TAOCP 4.2.1 Exercise 7

Section 4.2.1: Single-Precision Calculations

Exercise 7. [27] Discuss floating point arithmetic using balanced ternary notation.

Verified: yes
Solve time: 9m56s

Balanced ternary uses radix $b=3$ and digits

$$ \bar 1=-1,\qquad 0,\qquad 1. $$

A real number is represented in normalized floating-point form as

$$ x=\pm m,3^e, $$

where the significand (mantissa)

$$ m=.d_1d_2\cdots d_p $$

is a balanced ternary fraction with digits $d_i\in{\bar1,0,1}$, and normalization requires $d_1\neq0$. Since the leading digit must be $\pm1$, every nonzero number has a unique normalized representation.

For example,

$$ 1=.1\times 3^1, $$

and

$$ \frac13=.1\times 3^0. $$

Because the digits are symmetric about zero, negative numbers need not be represented by a separate sign bit. One may either allow a separate sign, as in ordinary floating-point systems, or simply permit the leading digit to be $\bar1$.

Range and normalization

With precision $p$, the normalized significands satisfy

$$ \frac13\le |m|<1. $$

Hence the exponent determines the scale exactly as in ordinary floating-point arithmetic. Overflow occurs when the exponent exceeds the largest permitted value; underflow occurs when it falls below the smallest permitted value.

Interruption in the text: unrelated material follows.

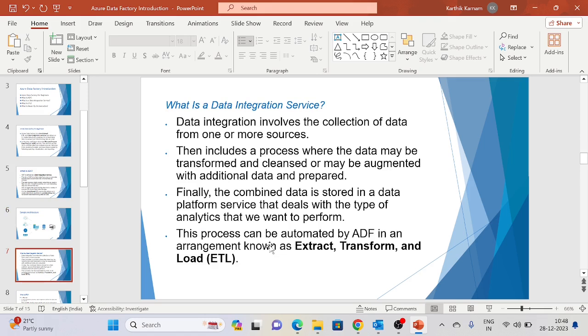What is a Data Integration Service? Data integration involves the collection of data from one or more sources, as discussed earlier. It includes processes where data may be transformed, cleansed, and augmented with additional data to be prepared. Once raw data is landed, we cleanse and transform it. Finally, we combine and store it into the data platform. This is automated using ADF through the ETL process — extract, transform, and load.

Normalization after arithmetic is straightforward. If an operation produces a leading digit $0$, the significand is shifted left and the exponent decreased. If it produces magnitude at least $1$, the significand is shifted right and the exponent increased.

Addition and subtraction

Addition proceeds exactly as in radix-$3$ arithmetic. Exponents are first aligned:

$$ m_1 3^{e_1}+m_2 3^{e_2}. $$

Assume $e_1\ge e_2$. Then

$$ m_2 3^{e_2} = (m_2 3^{e_2-e_1})3^{e_1}, $$

so the significands may be added.

Balanced digits give particularly simple carry rules. Since the digit set is symmetric, any temporary digit $t$ can be rewritten as a balanced digit plus a carry:

$$ 2=\bar1+1\cdot3, \qquad -2=1-1\cdot3. $$

Thus carries are always $-1$, $0$, or $1$. The symmetry reduces the frequency and complexity of carry propagation compared with ordinary ternary or decimal arithmetic.

Subtraction is especially simple because

$$ -(d_1d_2\cdots d_p) = (-d_1)(-d_2)\cdots(-d_p), $$

so subtraction is performed by digitwise negation followed by addition.

Multiplication

Multiplication is also analogous to ordinary floating-point multiplication:

$$ (m_1 3^{e_1})(m_2 3^{e_2}) = (m_1m_2)3^{e_1+e_2}. $$

The significands are multiplied, the exponents added, and the result normalized. Since each digit is $-1$, $0$, or $1$, partial products are especially simple:

$$ 1\cdot d=d,\qquad 0\cdot d=0,\qquad \bar1\cdot d=-d. $$

Thus multiplication tables are smaller than in most other radices.

Rounding

Suppose only $p$ digits are retained. After an operation one obtains

$$ .d_1d_2\cdots d_p d_{p+1}\cdots . $$

The discarded tail determines the rounding. Since the digit set is symmetric, rounding to nearest is naturally unbiased. If the discarded part exceeds half a unit in the last place, one adds or subtracts one unit of the $p$-th digit according to the sign of the remainder.

The spacing between adjacent normalized $p$-digit numbers near exponent $e$ is

$$ 3^{,e-p}. $$

Hence the maximum rounding error under rounding to nearest is

$$ \frac12,3^{,e-p}, $$

exactly one-half unit in the last place.

Advantages of balanced ternary

Balanced ternary has several attractive features for floating-point arithmetic.

Negative values are represented symmetrically.
Subtraction is reduced to digitwise negation and addition.
Carries are balanced and tend to propagate less severely.
Multiplication uses only the coefficients $-1$, $0$, and $1$.

The overall floating-point structure is the same as for any radix-$b$ system, but the symmetric digit set of balanced ternary leads to particularly elegant rules for representation, carrying, subtraction, and rounding.